In short, we're living in an alternative-history moment. It's no surprise that Amazon scored the highest ratings in its history when it streamed an adapted Philip K. Dick novel, The Man in the High Castle, envisioning a world where Germany and Japan won World War II. Dick wrote the novel in 1962 after reading a book, Bring the Jubilee by Ward Moore, that imagines what would have happened if the Confederacy had won the Civil War.

Many alternative histories focus on those two pivotal, recognizable eras when a single moment - a battle or a critical assassination - could have changed the direction of history. Yet sometimes - as now - that moment takes the form of a presidential election. Sinclair Lewis' 1935 novel, It Can't Happen Here, imagines right-wing populist President Buzz Windrip, champion of the "forgotten man." In Philip Roth's 2005 novel, The Plot Against America, actual aviator and fascist-sympathizer Charles Lindbergh is elected president in 1940, and the United States is poised to go to war with England.

Ray Bradbury's classic alternative-history story, "A Sound of Thunder," introduces a different twist: Could history be altered through time travel? When a member of a dinosaur safari, who has ventured millions of years into the past, panics and steps on a butterfly, a chain reaction to the insect's destruction results in numerous changes to the present-day Earth of the tale. Variations in the way certain English words are spelled and an altered outcome to a pivotal presidential election offer stark evidence that the voyage through time disrupted reality's original timeline, setting it on a new course.

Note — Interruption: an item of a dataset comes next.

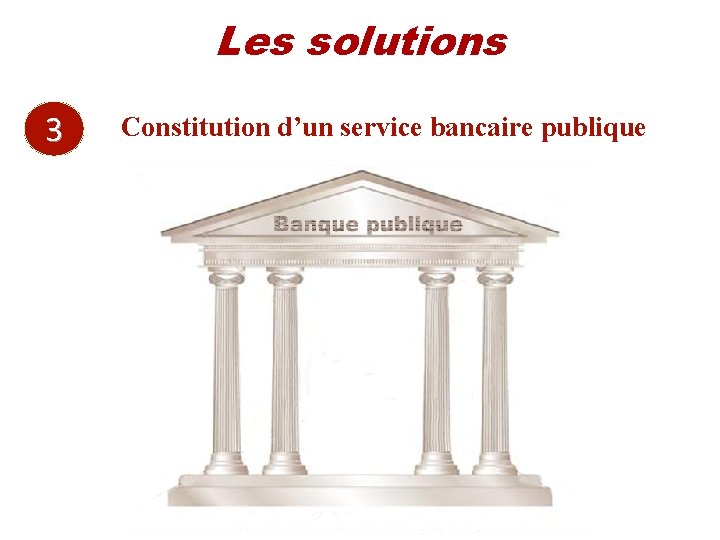 Les solutions 3 Constitution d’un service bancaire publique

Physicists are familiar with the "butterfly effect" via chaos theory. According to that field of study, hypothetically the flapping of a butterfly's wings over one continent might snowball over time into a change in the weather in another. That's because certain scientific equations are so sensitive to initial conditions that a slight change might lead to a wholly different outcome. If backward time travel were possible, therefore, a minute change in the past might indeed lead to a significant alteration of the present, as Bradbury envisioned in his story.

Could each alteration lead to a forking timeline and a parallel universe? Contemporary physics offers various hypothetical schemes for the branching of reality. Among these is Hugh Everett's unconventional description of what happens when researchers measure particle properties. Known as the "Many Worlds Interpretation" of quantum mechanics, it purports that whenever observers take quantum measurements that result in several possible outcomes, reality bifurcates and the observers themselves split into numerous replicas. Each replica observer records one of the possibilities, never knowing that the other observers are witnessing different results in their own versions of the world. If observers split like amoebas, their measurements no longer collapse multiple possibilities down to one, as mainstream quantum theory suggests.

If the universe is, in fact, a multiverse, how should we respond? Do we close ourselves inside what feels safe and familiar, or can we become more open to infinite possibilities? If we accept that reality itself is fragile and variable, that understanding could lead to empathy, and break down the echo chamber that, some might believe, causes the divisions in our country.

Paths lead in infinite directions, and we must be open to unexpected versions of the future. Most of all, we can no longer say, "That'll never happen."